It is still scewed, but a lot less than than for the absolute values. 

<br> 

<br>

#### Plotting the distribution of social data

In [None]:
social_data_after_2000 = social_data[social_data['Year']>=2000]

vars = social_data.columns[3:]
fig = make_subplots(rows=2, cols=int(len(vars)/2))
for i, var in enumerate(vars):
    fig.add_trace(
        go.Box(y=social_data_after_2000[var],
        name=var),
        row=int(np.floor(i/4+1)), col=i%4+1
    )

fig.update_traces(boxpoints=None, jitter=.4)
fig.update_layout(
    title="Boxplot of social measures (only data after 2000)",
    legend_title="Social features",
)
fig.update_layout(height=500, width=1200)

From our above data analysis, we do see quite a large spread in observed values for all the social measures, but it is not as scewed as the energy data.
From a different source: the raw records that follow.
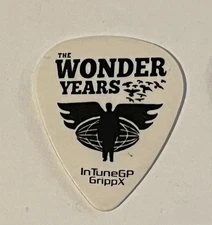 The Wonder Years Hank the Pigeon Guitar Pick Philadelphia Pop Punk Emo Hardcore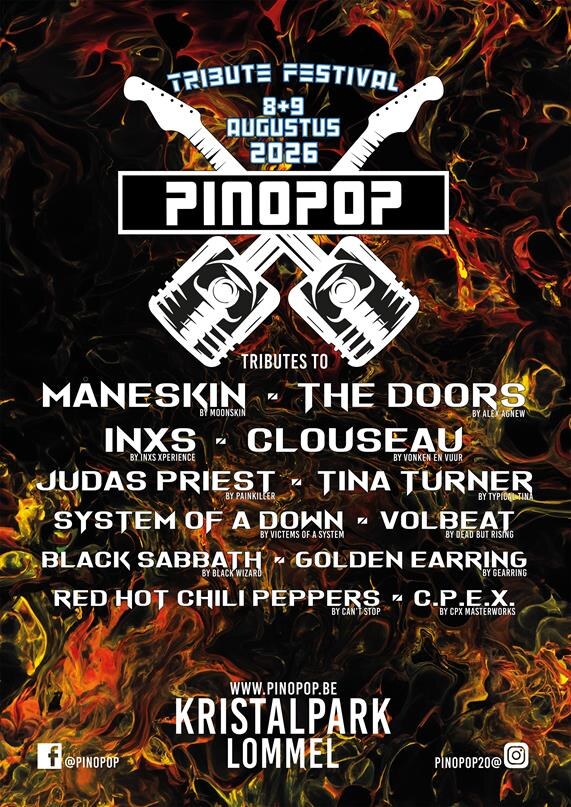 Alex Agnew eert The Doors op grootste tributefestival van België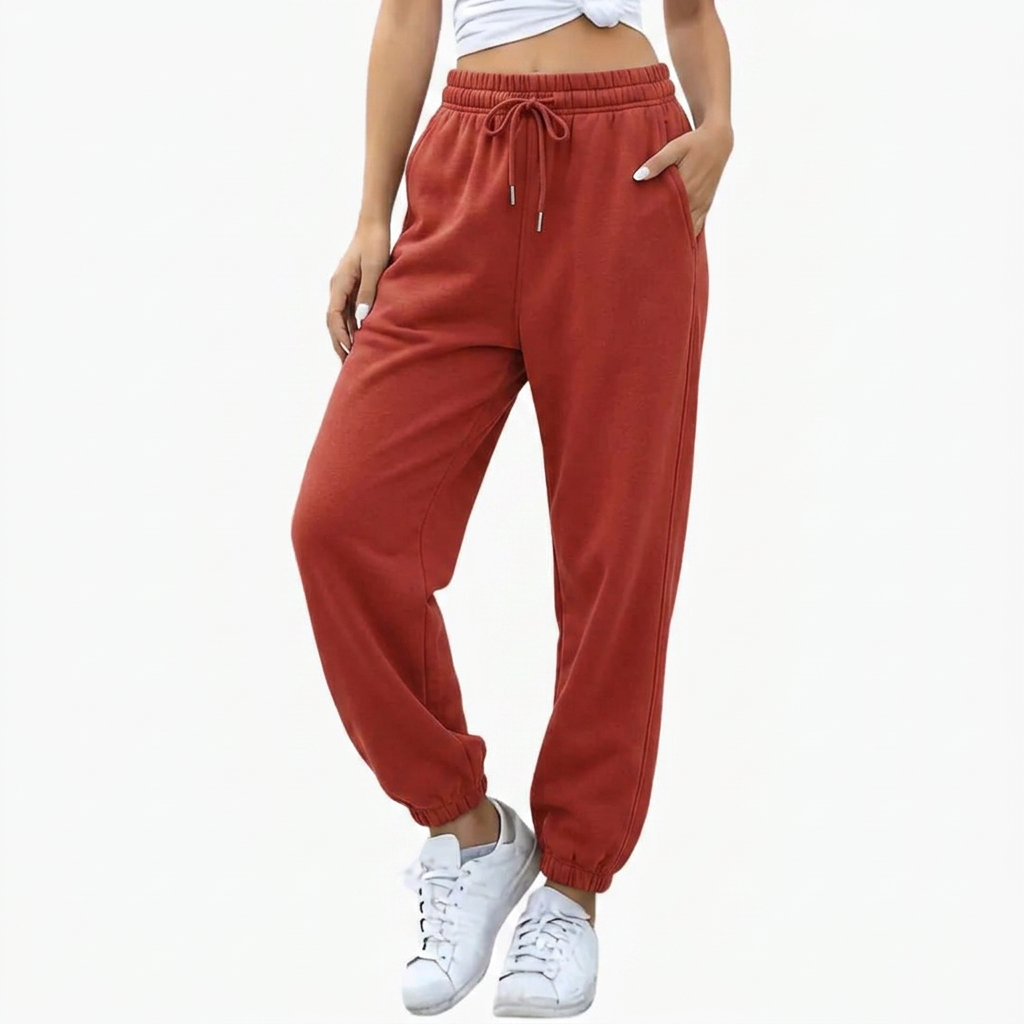 Women's Sweatpants with Side Pockets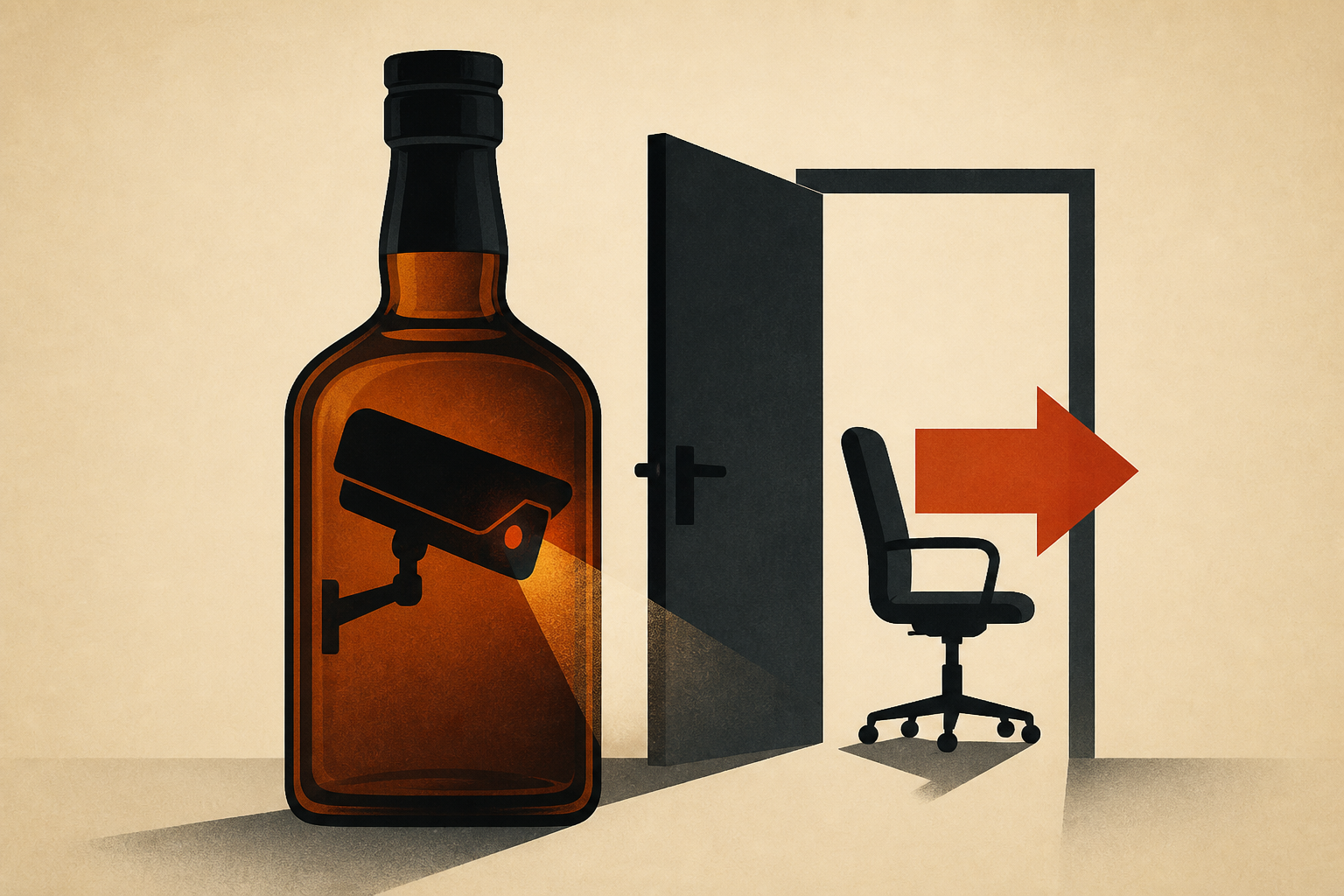 Bourbon maker accused of secret filming terminated as CEO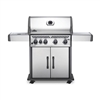 Napoleon Rogue XT 525 Stainless Steel Gas Grill with Infrared Side Burner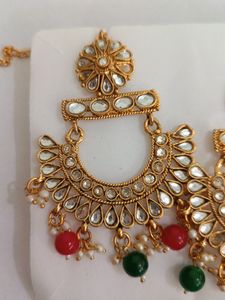 Red N Green Maagtika Set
The feature with the most spread is, of course, the population - with countries as China and India making up most of the scweness. 

From these plots, however, we have no clear indication of, how all these measures develop over time (also energy). We will take a closer look at this in the next section.

<br>

#### Plotting measures as function of time

In [None]:
# load processed data
data_path = os.path.join(os.getcwd(), "../data/processed")
data_pcc_country = pd.read_csv(
    data_path + "/pcc_energy_extrapolated_5_country.csv", index_col=0
)
data_socio_country = pd.read_csv(data_path + "/socio_extrapolated_5_country.csv", index_col=0)

data_pcc_country = data_pcc_country.set_index(["Entity", "Continent", "Year"])
data_socio_country = data_socio_country.set_index(["Entity", "Continent", "Year"])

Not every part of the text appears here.